In his dissent, Justice Pfeifer took great exception to the Majority opinion, noting that the legislature's sole intention in passing the incest statute was to protect children, and the facts of this case rendered it as having nothing to do with the "protection of families:"

  • Justice Pfeifer cited the statement of the Legislative Service Commission, who drafted the statute, that "The principel on which the first group of offenses is founded is that sexual activity of whatever kind between consenting adults in private ought not to be a crime * * *."
  • "The majority reads R.C. 2907.03 as making certain private, consensual sexual relations between two adults illegal. R.C. 2907.03(A)(5) and its legislative history indicate that that statute is designed to protect children, not to criminalize sexual activity between consenting adults."
  • "Imbued in R.C. 2907.03(A)(5) is the notion of parental, or quasi-parental, responsibility and control over the victim."
  • "The Summary of Am. Sub. H.B. 511, supra, at 14, indicates that it is children and those who are unable to care for themselves that are being protected by the statute. * * * Contrary to the majority's reading of the Legislative Service Commission's Comments to the statute, R.C. 2907.03(A)(5) does not 'protect [ ] the family unit more broadly;' instead, it protects children against a broader class of persons who can exert a parental role." * * * “[S]imply put, [R.C. 2907.03(A)(5)] applies to the people the child goes home to.”
  • "A stepparent, who may not even have married his or her spouse until after the spouse's children had reached adulthood, has no legal responsibility to his or her adult stepchildren."
  • "The majority writes that the statute 'advances its goal of protection of the family unit from the destructive influence of sexual relationships between parents or stepparents and their children or stepchildren.' I suspect that the statute was not employed in this case as a means to preserve Ohio's fractured extended families. Rather, the state used R.C. 2907.03(A)(5) as a means to prosecute a strict-liability, slam-dunk sex offense that does not allow the defendant to present any evidence regarding the consent of the victim. R.C. 2907.03(A)(5) provides a shortcut to a conviction. This sort of use of the statute demeans its true purpose. The consent of the alleged victim should remain a valid defense in cases involving adults."

On Elections Law

State ex rel. Todd v. Felger (2007)

In a 6-1 decision, the majority opinion, written by Justice Moyer, over the ardent dissent of Justice Lundberg Stratton, decided in a case brought by a voter to force his local government to place an issue on the ballot that would have forced the village government to surrender its powers. After collecting enough signatures to do so, the village government refused to certify the issue for the ballot. The voter brought an action approximately 5 months prior to the election that would have forced the local government to do so.
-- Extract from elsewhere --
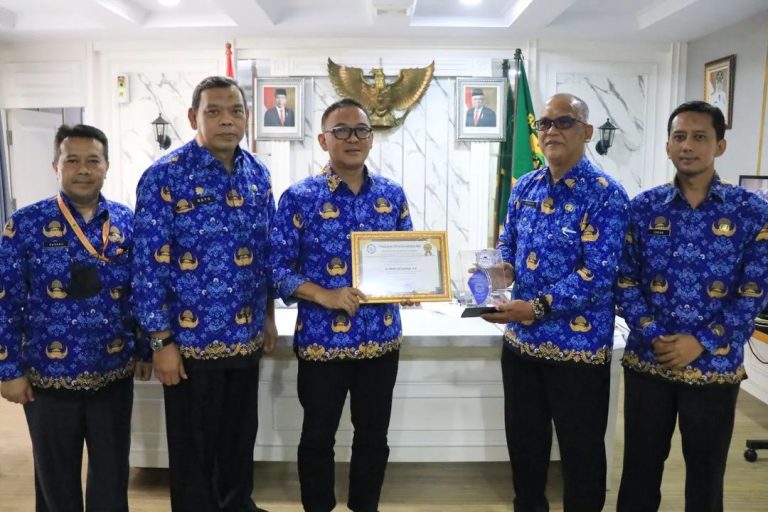 Diskominfo Kabupaten Bogor Diganjar Segudang Prestasi dan Penghargaan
The Majority held that because the date of the election had passed while the voter's case languished in court, the case was now moot, and should be dismissed. The majority further held that the voter did not act dilligently enough in purusing his legal claim where he "waited two and one-half months after filing the mandamus action to request expedited consideration." The court closed by noting a reluctance to issue advisory opinions.
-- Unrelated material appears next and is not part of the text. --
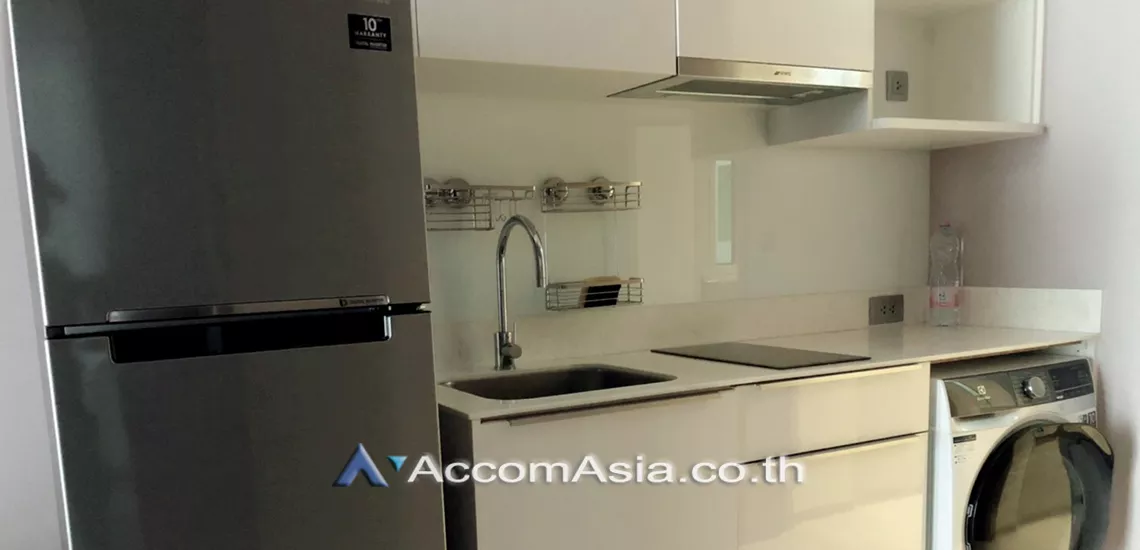  1 Bedroom  Condominium For Rent in Silom, Bangkok  near BTS Chong Nonsi (AA28217)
In a very forceful dissent, Justice Lundberg Stratton made the following observations and criticisms of the majority opinion:

  • "[The plaintiff] acted dilligently by filing his cases * * * more than four months before the November 2006 election. * * * When it became obvious to him that the court of appeals was not going to rule in time for the November election, he appropriately moved for an expedited briefing schedule * * *. [The plaintiff] did all he could to have the court proceed in a timely matter. He could not force the court to do its job timely. He should not have had to resort to a mandamus action in this court in order to force the court of appeals to timely act. The delay is the fault of the court of appeals. A court should give priority to election cases * * *. There is no reason for a court to delay ruling on an election case for ten months."
  • "The subject of the petition, to surrender the village's corporate powers, has not expired or become moot [and] the matter should be scheduled for the next appropriate special election date."
  • "By declaring the issue moot, the majority sanctions the dilatory conduct of courts that delay ruling, especially in election cases where time is of the essence, and it punishes the public, which is powerless once the challenger tires to get the court's attention with a request to expedite."

On Family Law

In re D.A. (2007)

In a 5-2 decision, the Majority opinion, written by Justice Lanzinger, concluded that "[Ohio law] does not permit a parent's fundamental right to raise his or her child to be terminated based on mental retardation alone," and that "when determining the best interest of a child, at a permanent-custody hearing, a trial court may not base its decision solely on the limited cognitive abilities of the parent." The Majority reasoned that courts should instead consider factors such as the parents relationship with the child, whether they had ever harmed him, and where the child wished to live, and that there was no evidence to indicate that the child "lacked adequate clothing, food, shelter, or care," while he "performed well in school and displayed appropriate behavior.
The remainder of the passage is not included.